--- Aim of the exercise ---
Please copy, word for word, the line holding "4 Pair Of Leggings" and each line that follows it through the end of the entries, omitting any pictures.

--- Exercise input ---
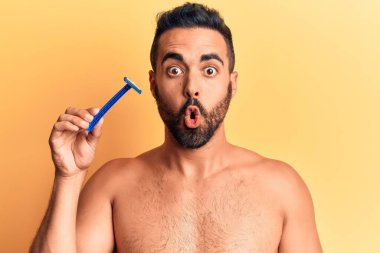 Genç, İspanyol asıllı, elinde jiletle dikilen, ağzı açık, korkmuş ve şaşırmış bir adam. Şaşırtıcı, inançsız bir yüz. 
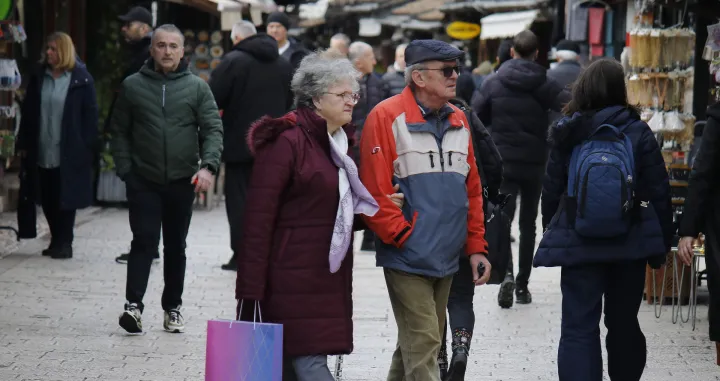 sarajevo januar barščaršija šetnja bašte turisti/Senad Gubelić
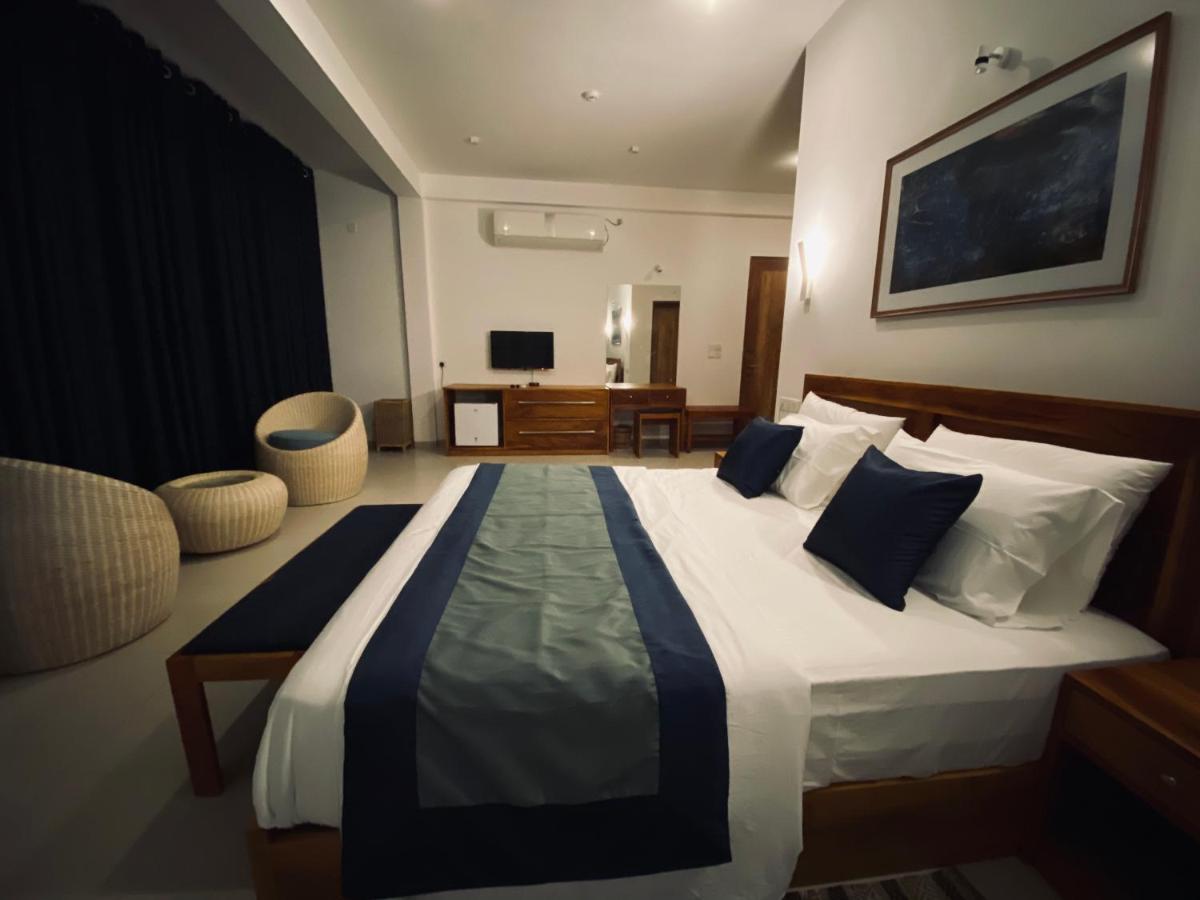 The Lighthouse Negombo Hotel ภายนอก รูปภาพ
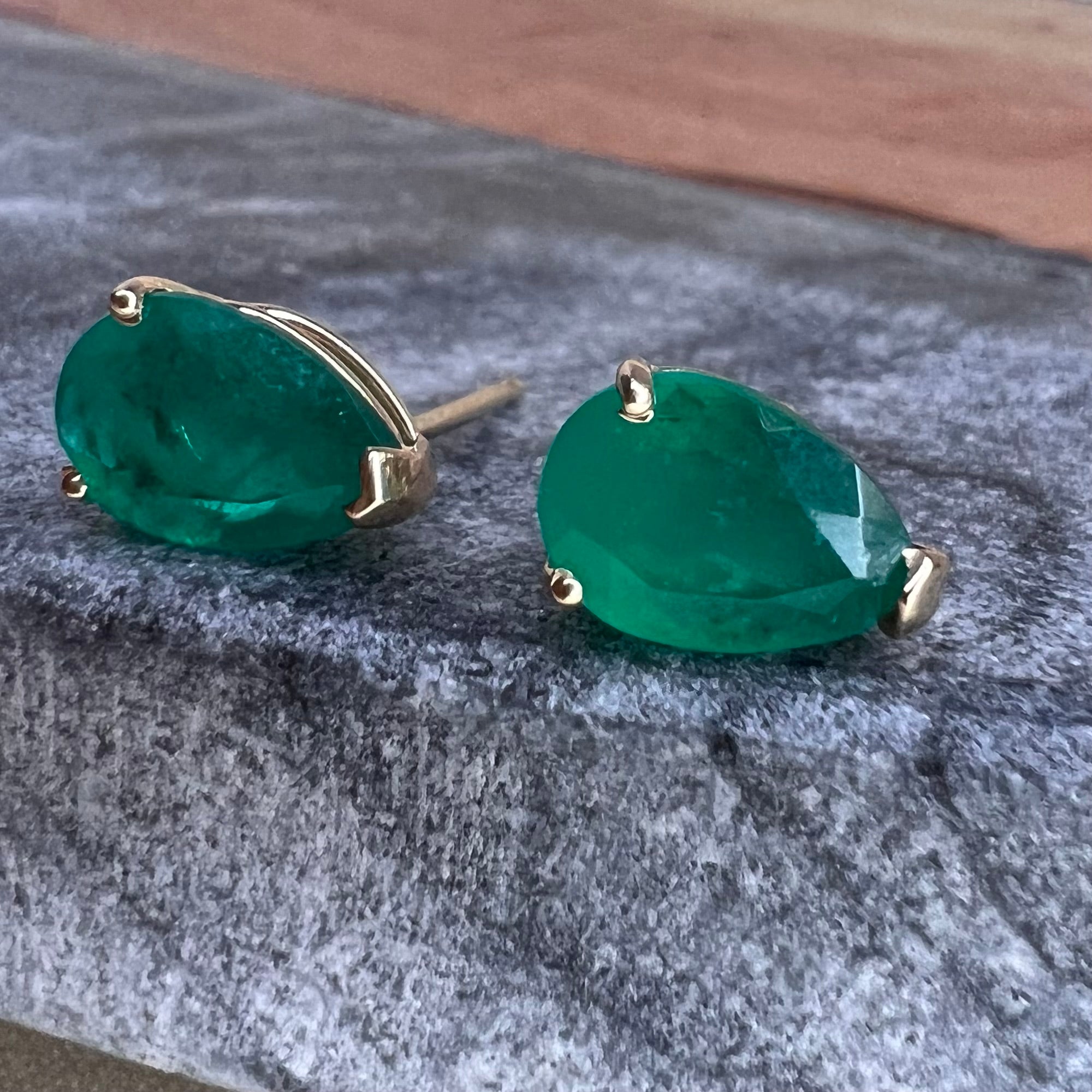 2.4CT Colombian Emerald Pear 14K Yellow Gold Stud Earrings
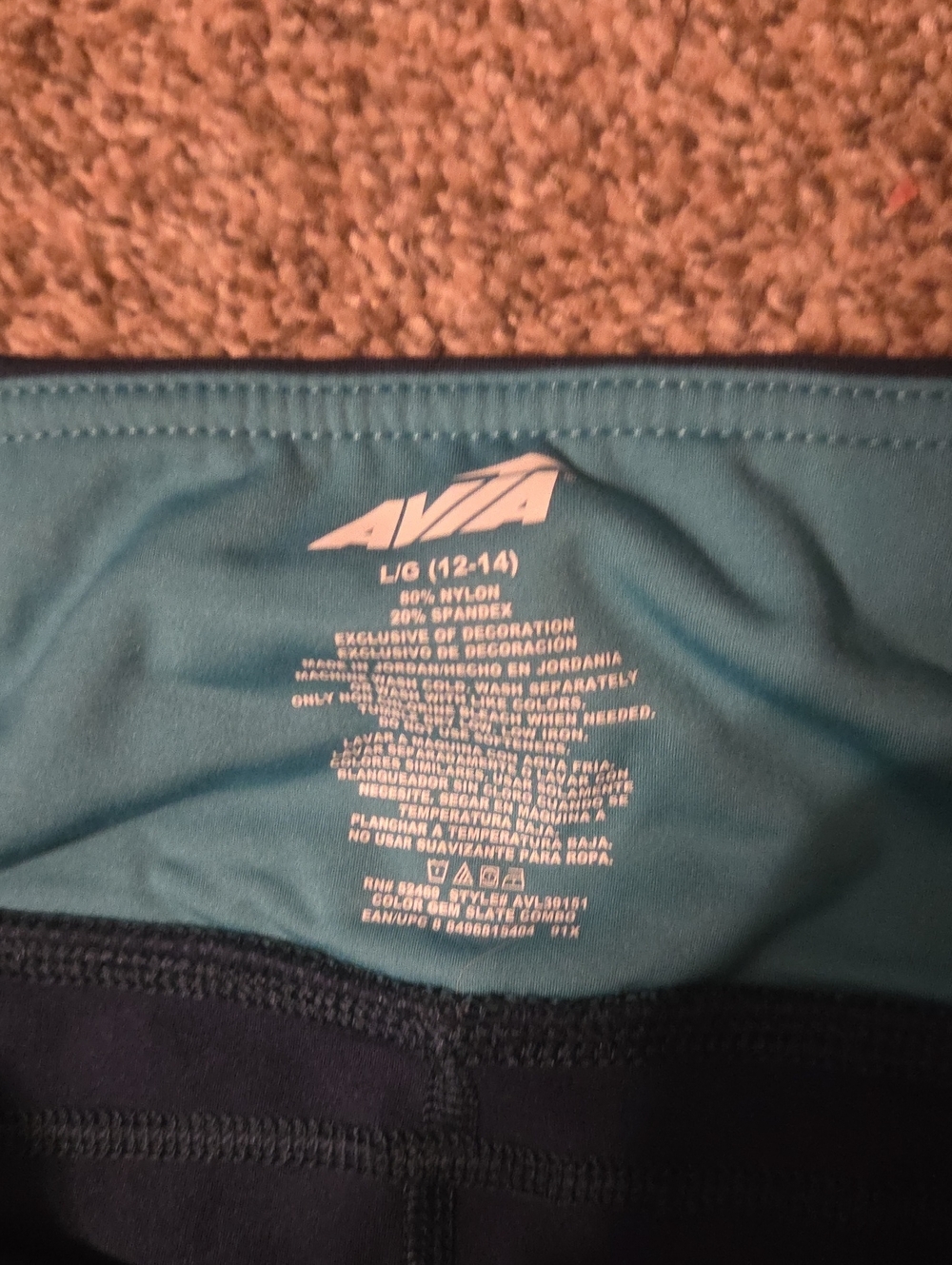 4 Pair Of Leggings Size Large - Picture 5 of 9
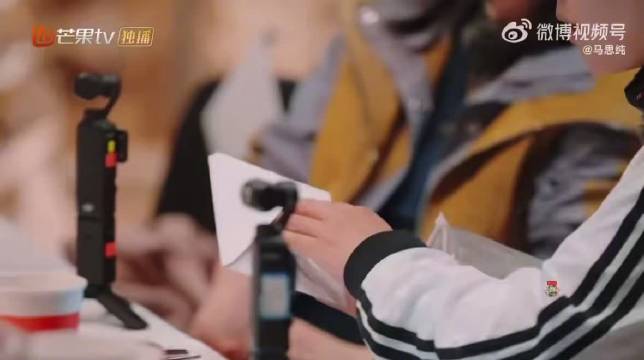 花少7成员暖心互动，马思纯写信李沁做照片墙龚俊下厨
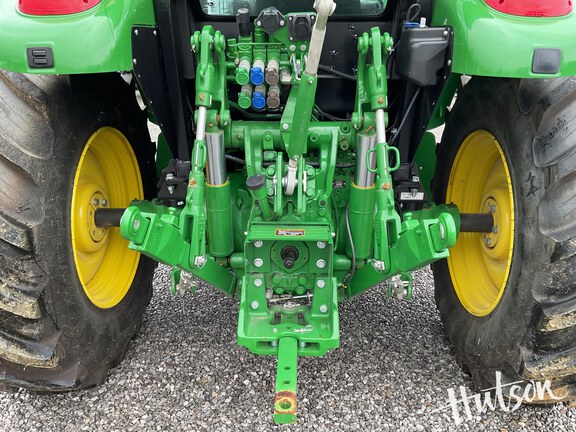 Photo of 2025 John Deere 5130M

--- Answer to this exercise ---
 4 Pair Of Leggings Size Large - Picture 5 of 9
 花少7成员暖心互动，马思纯写信李沁做照片墙龚俊下厨
 Photo of 2025 John Deere 5130M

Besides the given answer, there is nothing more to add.